Literary MRIs (or, tuning Textplot)

Last week I posted some instructions for getting up and running with Textplot. But, in the step that involves actually using Textplot, there was some handwaving:

textplot generate pg2600.txt war-and-peace.gml --bandwidth 10000

Why 10,000 for the bandwidth? And, what about the other open parameters that the CLI app exposes – term_depth, skim_depth, kernel, etc.? These have a big impact on the structure of the final graphs, and it’s often worth fiddling with them a bit to find the best combination. This can especially make sense if you’re working with texts that are really long, or a big corpus of chronologically-stacked documents – out of the box, Textplot is tuned to work well with roughly novel-length documents (say, a couple hundred thousand words), and there are a handful of settings that should be tweaked if you go out of that range.

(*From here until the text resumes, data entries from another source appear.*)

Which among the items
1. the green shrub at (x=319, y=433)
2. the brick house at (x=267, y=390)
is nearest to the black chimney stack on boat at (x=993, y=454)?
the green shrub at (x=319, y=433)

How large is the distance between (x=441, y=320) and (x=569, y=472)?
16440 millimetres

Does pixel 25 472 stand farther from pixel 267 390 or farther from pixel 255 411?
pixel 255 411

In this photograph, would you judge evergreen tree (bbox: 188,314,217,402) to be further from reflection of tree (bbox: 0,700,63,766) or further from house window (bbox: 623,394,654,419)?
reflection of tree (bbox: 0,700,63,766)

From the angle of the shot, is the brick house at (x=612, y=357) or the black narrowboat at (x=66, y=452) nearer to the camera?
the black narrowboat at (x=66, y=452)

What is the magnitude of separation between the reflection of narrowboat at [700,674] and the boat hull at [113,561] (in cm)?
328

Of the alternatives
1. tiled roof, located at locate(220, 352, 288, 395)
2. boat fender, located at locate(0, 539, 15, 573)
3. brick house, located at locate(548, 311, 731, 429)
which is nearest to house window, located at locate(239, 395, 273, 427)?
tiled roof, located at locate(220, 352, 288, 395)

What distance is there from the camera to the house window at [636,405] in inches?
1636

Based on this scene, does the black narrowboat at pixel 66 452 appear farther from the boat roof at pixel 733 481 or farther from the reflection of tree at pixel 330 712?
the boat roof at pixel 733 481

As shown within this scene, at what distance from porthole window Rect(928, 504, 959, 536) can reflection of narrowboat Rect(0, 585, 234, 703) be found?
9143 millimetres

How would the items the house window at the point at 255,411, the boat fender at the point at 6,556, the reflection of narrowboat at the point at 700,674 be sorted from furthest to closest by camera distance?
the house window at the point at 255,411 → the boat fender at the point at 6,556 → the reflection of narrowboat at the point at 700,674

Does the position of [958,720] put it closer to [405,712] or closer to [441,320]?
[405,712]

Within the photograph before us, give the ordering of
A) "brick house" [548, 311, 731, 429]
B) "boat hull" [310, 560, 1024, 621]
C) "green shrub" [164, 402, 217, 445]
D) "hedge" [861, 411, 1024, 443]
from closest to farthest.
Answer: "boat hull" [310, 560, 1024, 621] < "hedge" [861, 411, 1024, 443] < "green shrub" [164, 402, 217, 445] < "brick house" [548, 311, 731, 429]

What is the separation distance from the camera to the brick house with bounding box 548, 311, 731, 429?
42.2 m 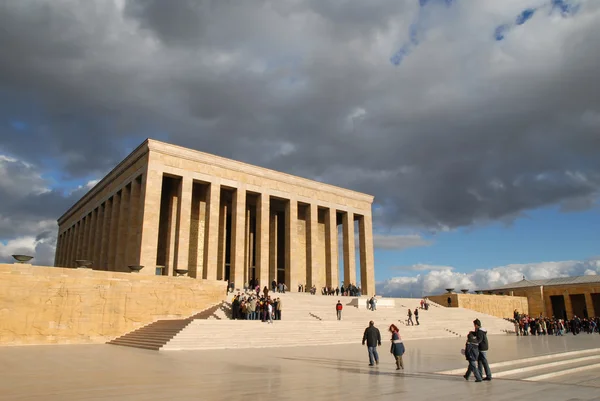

And, either way, I think this kind of knob-turning is useful intellectually. It’s a good guard against tea-leaf-reading and confirmation bias, a never-distant risk with this kind of work. By drawing out the same text with really different parameters, you get a sense of what’s “durable” about the structure of the network (and, possibly, solid ground for literary-critical argument) – and what’s just ephemeral, an artifact of the layout algorithm, or some kind of quirk in the particular combination of words and connections that slipped above the different thresholds for inclusion.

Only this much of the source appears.